Le titre provocateur que j'ai choisi pour ma traduction n'était pas dû au hasard: La faute de Vatican II.
Cet épisode a été rapporté par Jean Madiran dans un ouvrage paru en 2006 qui semble devenu un classique dans certains milieux: L'Accord de Metz.

Le site ami Belgicatho a mis hier en lien mon article, et s'est attiré les foudres d'un lecteur, l'accusant de semer la zizanie parmi les catholiques, autrement dit de "critiquer ... telle ou telle position de l'Eglise contemporaine, en s'alimentant à n'importe quelle source (merci!!) et offrant ainsi des raisons d'éloignement à un certain nombre".
Des foudres dont je dois prendre ma part:

Il faut avoir lu distraitement Gaudium et spes ou ne pas l'avoir lu ou l'avoir lu avec des oeillères, il faut n'avoir rien compris à la pédagogie de l'Eglise depuis PIE XII (inclus!) pour proférer de telles âneries!

Un autre commentaire renvoyait directement à Gaudium et Spes, où l'on lit effectivement une condamnation... qui reste malgré tout implicite et générique:

(§27-3) De plus, tout ce qui s’oppose à la vie elle-même, comme toute espèce d’homicide, le génocide, l’avortement, l’euthanasie et même le suicide délibéré ; tout ce qui constitue une violation de l’intégrité de la personne humaine, comme les mutilations, la torture physique ou morale, les contraintes psychologiques ; tout ce qui est offense à la dignité de l’homme, comme les conditions de vie sous-humaines, les emprisonnements arbitraires, les déportations, l’esclavage, la prostitution, le commerce des femmes et des jeunes ; ou encore les conditions de travail dégradantes qui réduisent les travailleurs au rang de purs instruments de rapport, sans égard pour leur personnalité libre et responsable : toutes ces pratiques et d’autres analogues sont, en vérité, infâmes. Tandis qu’elles corrompent la civilisation, elles déshonorent ceux qui s’y livrent plus encore que ceux qui les subissent et insultent gravement à l’honneur du Créateur.
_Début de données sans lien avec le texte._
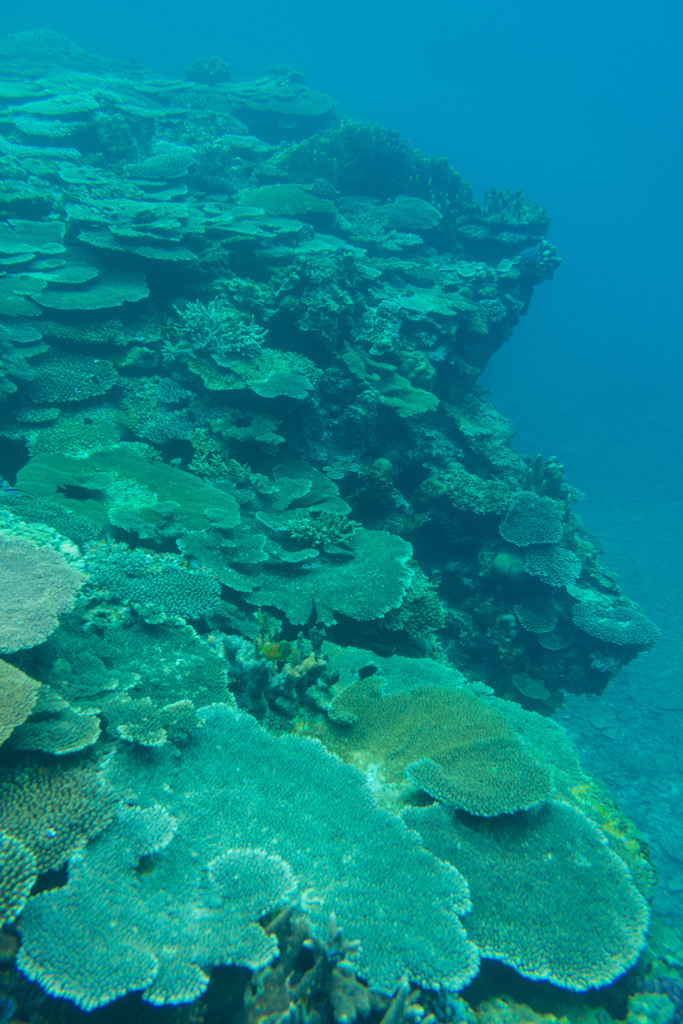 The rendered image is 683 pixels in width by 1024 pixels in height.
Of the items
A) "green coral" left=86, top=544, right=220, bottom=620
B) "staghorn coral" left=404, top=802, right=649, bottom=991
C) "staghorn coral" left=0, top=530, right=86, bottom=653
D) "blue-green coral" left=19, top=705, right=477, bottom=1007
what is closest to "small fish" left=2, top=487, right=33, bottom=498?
"green coral" left=86, top=544, right=220, bottom=620

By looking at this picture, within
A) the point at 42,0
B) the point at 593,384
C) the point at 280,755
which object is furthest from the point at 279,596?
the point at 42,0

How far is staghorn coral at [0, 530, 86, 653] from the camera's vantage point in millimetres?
3080

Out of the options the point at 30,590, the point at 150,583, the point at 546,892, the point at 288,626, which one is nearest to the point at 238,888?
the point at 546,892

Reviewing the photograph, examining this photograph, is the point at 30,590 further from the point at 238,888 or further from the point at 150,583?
the point at 238,888

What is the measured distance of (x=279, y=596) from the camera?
564 centimetres

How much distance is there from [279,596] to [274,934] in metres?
3.52

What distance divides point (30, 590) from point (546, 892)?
3900 millimetres

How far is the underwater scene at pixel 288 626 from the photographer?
2355 millimetres

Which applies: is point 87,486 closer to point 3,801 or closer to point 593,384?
point 3,801

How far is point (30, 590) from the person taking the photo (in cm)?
339

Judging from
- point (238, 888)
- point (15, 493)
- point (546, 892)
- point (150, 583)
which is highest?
point (15, 493)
(§73-4) On rejette au contraire toutes les formes politiques, telles qu’elles existent en certaines régions, qui font obstacle à la liberté civile ou religieuse, multiplient les victimes des passions et des crimes politiques et détournent au profit de quelque faction ou des gouvernants eux-mêmes l’action de l’autorité au lieu de la faire servir au bien commun.
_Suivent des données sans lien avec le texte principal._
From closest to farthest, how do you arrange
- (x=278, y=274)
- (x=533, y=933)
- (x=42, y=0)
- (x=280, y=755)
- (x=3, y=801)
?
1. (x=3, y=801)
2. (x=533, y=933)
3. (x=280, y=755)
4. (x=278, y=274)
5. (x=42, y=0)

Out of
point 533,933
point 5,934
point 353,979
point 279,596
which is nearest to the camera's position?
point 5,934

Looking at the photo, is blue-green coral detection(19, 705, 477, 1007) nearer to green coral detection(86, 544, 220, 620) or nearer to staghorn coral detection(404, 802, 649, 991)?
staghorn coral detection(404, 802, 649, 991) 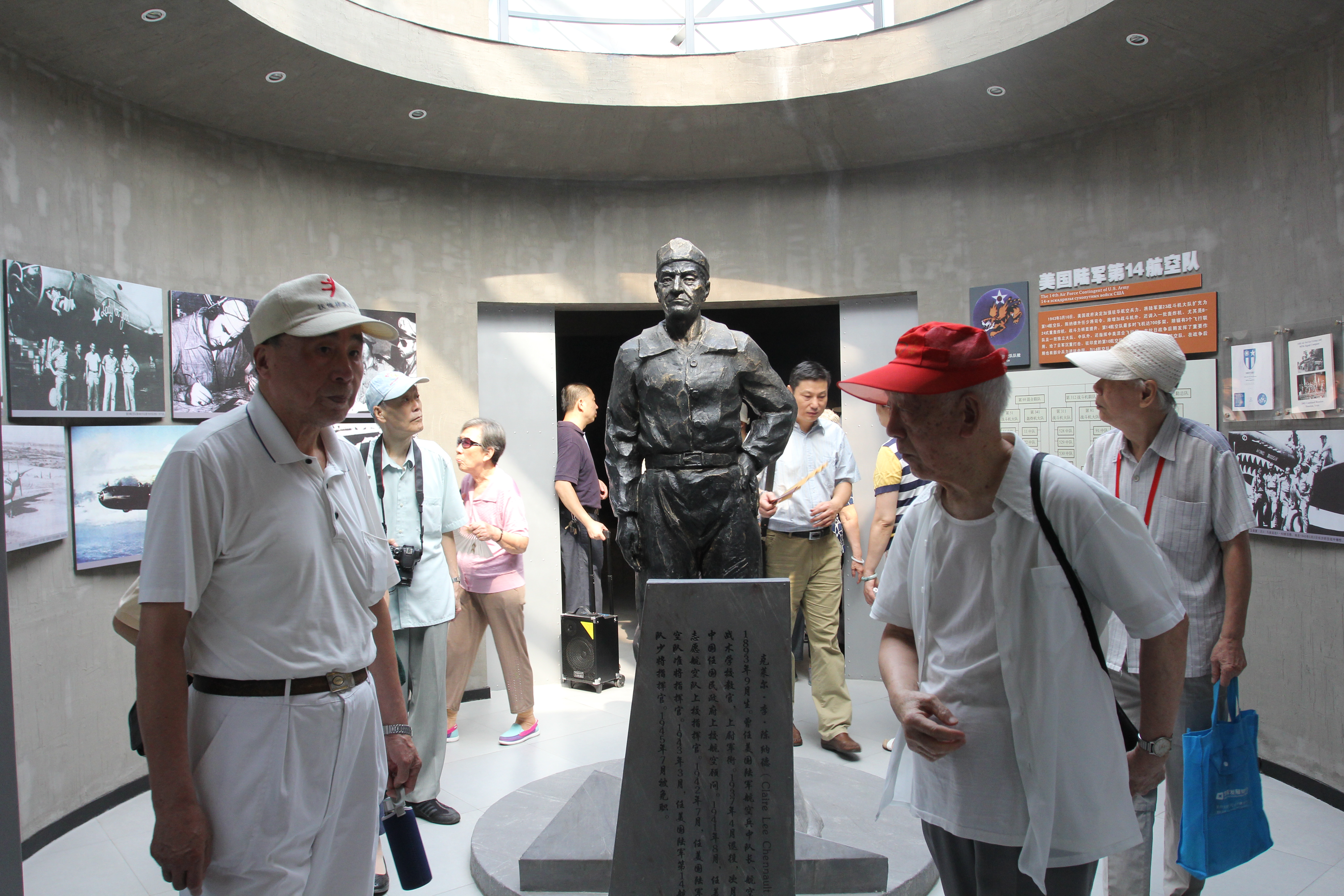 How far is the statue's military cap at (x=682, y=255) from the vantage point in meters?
3.71

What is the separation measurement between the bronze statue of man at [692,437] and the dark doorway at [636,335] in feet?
17.4

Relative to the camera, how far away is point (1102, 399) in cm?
288

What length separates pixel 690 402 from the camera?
12.2 ft

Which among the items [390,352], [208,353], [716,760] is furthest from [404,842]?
[390,352]

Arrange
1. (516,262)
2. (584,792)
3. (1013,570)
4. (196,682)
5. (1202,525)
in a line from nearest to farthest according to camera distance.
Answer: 1. (1013,570)
2. (196,682)
3. (1202,525)
4. (584,792)
5. (516,262)

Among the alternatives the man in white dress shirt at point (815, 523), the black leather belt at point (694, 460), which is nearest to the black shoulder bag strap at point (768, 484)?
the man in white dress shirt at point (815, 523)

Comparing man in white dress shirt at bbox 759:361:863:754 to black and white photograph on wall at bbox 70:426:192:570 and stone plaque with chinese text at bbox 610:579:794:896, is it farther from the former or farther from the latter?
black and white photograph on wall at bbox 70:426:192:570

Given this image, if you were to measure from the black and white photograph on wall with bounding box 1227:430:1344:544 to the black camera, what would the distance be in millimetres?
3805

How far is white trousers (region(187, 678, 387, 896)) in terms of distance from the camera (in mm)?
1691

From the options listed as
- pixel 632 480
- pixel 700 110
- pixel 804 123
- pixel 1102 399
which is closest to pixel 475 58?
pixel 700 110

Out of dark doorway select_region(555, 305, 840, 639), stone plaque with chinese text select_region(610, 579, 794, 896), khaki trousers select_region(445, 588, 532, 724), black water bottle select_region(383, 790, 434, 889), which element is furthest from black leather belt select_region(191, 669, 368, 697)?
dark doorway select_region(555, 305, 840, 639)

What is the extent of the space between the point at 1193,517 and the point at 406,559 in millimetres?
2964

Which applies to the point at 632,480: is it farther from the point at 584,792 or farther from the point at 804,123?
the point at 804,123

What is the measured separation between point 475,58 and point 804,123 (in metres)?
1.99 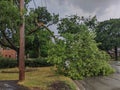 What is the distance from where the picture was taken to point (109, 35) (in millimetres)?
74750

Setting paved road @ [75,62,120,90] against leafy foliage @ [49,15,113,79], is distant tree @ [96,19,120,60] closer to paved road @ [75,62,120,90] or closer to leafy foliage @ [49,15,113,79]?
leafy foliage @ [49,15,113,79]

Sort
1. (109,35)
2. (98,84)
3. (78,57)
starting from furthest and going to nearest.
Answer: (109,35) < (78,57) < (98,84)

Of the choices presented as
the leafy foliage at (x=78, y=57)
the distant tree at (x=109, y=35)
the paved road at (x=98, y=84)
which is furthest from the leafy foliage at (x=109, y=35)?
the paved road at (x=98, y=84)

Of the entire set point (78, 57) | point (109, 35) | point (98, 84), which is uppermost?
point (109, 35)

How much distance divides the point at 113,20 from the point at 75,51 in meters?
59.3

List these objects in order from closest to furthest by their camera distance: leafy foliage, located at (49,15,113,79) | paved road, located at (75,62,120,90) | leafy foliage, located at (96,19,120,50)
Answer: paved road, located at (75,62,120,90)
leafy foliage, located at (49,15,113,79)
leafy foliage, located at (96,19,120,50)

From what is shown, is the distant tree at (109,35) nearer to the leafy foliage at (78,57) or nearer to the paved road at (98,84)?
the leafy foliage at (78,57)

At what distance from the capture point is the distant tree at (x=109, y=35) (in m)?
73.5

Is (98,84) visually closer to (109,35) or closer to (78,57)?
(78,57)

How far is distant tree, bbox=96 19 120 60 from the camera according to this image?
73.5 meters

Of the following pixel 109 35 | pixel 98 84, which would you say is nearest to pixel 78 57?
pixel 98 84

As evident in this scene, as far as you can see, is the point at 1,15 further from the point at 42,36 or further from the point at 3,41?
the point at 42,36

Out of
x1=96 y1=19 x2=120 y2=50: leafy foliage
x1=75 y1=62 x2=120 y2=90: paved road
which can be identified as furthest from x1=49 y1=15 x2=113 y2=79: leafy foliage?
x1=96 y1=19 x2=120 y2=50: leafy foliage

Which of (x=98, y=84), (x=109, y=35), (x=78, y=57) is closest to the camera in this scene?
(x=98, y=84) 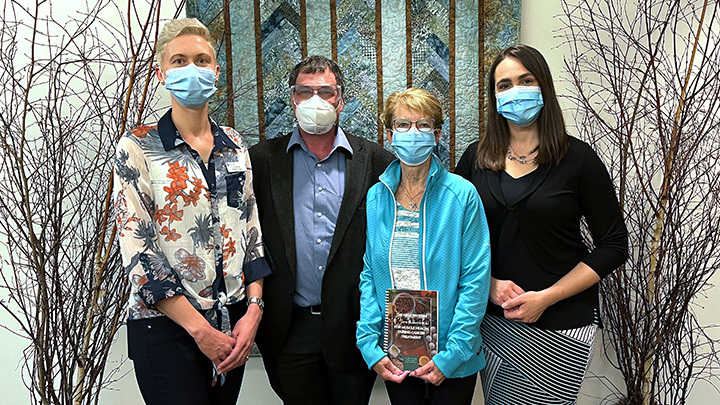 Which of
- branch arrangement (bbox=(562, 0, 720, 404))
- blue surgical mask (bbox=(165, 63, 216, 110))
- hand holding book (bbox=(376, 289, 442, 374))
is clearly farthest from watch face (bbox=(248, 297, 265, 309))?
branch arrangement (bbox=(562, 0, 720, 404))

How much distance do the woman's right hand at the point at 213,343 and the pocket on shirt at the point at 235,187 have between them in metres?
0.41

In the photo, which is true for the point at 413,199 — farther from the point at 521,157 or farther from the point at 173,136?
the point at 173,136

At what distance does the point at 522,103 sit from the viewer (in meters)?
1.88

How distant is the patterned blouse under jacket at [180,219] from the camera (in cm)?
163

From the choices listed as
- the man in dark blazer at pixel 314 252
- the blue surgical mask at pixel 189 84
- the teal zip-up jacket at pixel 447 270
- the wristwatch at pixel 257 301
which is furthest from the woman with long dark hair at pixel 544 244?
the blue surgical mask at pixel 189 84

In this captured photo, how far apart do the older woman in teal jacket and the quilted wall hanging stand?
91cm

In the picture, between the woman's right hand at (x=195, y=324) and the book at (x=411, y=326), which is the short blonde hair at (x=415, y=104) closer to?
the book at (x=411, y=326)

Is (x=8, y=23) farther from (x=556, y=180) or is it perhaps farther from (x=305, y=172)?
(x=556, y=180)

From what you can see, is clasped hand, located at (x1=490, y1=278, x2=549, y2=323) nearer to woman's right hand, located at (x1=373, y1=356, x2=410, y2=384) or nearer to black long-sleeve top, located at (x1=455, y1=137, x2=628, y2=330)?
black long-sleeve top, located at (x1=455, y1=137, x2=628, y2=330)

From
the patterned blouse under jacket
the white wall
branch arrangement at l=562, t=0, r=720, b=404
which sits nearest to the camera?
the patterned blouse under jacket

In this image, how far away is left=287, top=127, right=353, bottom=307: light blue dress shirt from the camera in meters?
1.99

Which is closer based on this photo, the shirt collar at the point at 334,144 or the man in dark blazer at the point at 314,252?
the man in dark blazer at the point at 314,252

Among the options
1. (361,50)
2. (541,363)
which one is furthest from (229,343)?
(361,50)

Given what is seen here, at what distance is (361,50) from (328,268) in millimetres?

Mais on lit aussi ce qui peut être par la force des choses interprété comme une justification du communisme (et qui rest encore d'actualité!), par exemple:

(§29-3) .. les inégalités économiques et sociales excessives entre les membres ou entre les peuples d’une seule famille humaine font scandale et font obstacle à la justice sociale, à l’équité, à la dignité de la personne humaine ainsi qu’à la paix sociale et internationale.

Et d'autres paragraphes, que l'on peut interpréter dans le même sens.
Bref, ce n'est pas clair. Une sorte d'auberge espagnole, dont on peut tirer tout et son contraire.

Je ne crois pas remettre en cause l'autorité du Saint-Père, et ma loyauté envers lui, en citant "l'accord de Metz", et en donnant la parole à des historiens aussi respectés que Jean Madiran et Roberto de Mattei. Et si je reconnais qu'il était extrêmement difficile à l'époque de prévoir ce qui devait se passer un quart de siècle plus tard, et surtout de ne pas tenir compte du risque qu'une idéologie monstrueuse faisait peser directement sur la vie de millions de personnes, je persiste à regretter que la condamnation de l'Eglise n'ait été qu'entre les lignes.

Belgicatho a fait une mise au point bienvenue, à laquelle je renvoie: belgicatho.hautetfort.com/.../nous-ne-sommes-pas-de-bons-petits-soldats.html.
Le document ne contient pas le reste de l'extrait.